▶ **EXERCISE**
Go through the lines below. Copy those with "dining".

▶ **GIVEN RECORDS**
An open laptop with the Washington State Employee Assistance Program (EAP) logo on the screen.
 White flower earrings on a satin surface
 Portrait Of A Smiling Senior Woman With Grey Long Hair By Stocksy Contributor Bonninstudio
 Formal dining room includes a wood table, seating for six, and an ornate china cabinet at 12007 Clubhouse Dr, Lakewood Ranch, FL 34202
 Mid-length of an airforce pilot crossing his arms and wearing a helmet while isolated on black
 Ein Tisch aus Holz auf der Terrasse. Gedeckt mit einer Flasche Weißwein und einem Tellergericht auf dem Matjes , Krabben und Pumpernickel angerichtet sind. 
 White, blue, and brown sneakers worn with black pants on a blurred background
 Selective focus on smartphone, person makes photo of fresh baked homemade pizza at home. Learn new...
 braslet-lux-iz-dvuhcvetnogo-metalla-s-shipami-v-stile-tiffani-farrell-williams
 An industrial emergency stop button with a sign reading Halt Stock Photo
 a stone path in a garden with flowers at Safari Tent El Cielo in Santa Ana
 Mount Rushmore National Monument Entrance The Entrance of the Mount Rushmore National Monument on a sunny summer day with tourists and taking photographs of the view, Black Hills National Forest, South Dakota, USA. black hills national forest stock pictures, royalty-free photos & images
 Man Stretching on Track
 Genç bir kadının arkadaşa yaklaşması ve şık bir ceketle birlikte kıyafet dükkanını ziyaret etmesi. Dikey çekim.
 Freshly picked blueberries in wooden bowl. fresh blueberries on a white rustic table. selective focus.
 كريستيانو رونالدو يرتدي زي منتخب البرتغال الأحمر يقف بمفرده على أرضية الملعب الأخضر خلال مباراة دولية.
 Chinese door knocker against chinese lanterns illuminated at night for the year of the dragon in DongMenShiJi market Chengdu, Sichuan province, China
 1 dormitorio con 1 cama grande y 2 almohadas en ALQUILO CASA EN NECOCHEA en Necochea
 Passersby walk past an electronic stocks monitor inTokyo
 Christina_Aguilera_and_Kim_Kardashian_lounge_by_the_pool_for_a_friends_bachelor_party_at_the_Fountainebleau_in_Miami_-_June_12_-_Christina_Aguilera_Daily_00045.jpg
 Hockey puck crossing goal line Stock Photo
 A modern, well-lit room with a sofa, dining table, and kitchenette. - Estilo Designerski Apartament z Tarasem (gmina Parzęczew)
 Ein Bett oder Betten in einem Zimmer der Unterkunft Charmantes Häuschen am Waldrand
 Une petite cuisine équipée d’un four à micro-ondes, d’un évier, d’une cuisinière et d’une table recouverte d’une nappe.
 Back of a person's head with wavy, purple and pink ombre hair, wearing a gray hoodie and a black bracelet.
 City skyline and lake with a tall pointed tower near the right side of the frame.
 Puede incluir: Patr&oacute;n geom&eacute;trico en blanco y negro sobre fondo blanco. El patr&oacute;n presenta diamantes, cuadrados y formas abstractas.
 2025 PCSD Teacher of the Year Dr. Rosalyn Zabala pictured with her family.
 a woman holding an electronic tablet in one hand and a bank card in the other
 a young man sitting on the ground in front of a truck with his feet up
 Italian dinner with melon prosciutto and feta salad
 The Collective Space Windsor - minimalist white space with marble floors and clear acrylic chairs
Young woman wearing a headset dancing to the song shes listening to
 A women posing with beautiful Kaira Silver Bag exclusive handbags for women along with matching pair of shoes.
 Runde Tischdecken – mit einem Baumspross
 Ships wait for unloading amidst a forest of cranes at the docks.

▶ **SOLVED EXERCISE**
 Formal dining room includes a wood table, seating for six, and an ornate china cabinet at 12007 Clubhouse Dr, Lakewood Ranch, FL 34202
 A modern, well-lit room with a sofa, dining table, and kitchenette. - Estilo Designerski Apartament z Tarasem (gmina Parzęczew)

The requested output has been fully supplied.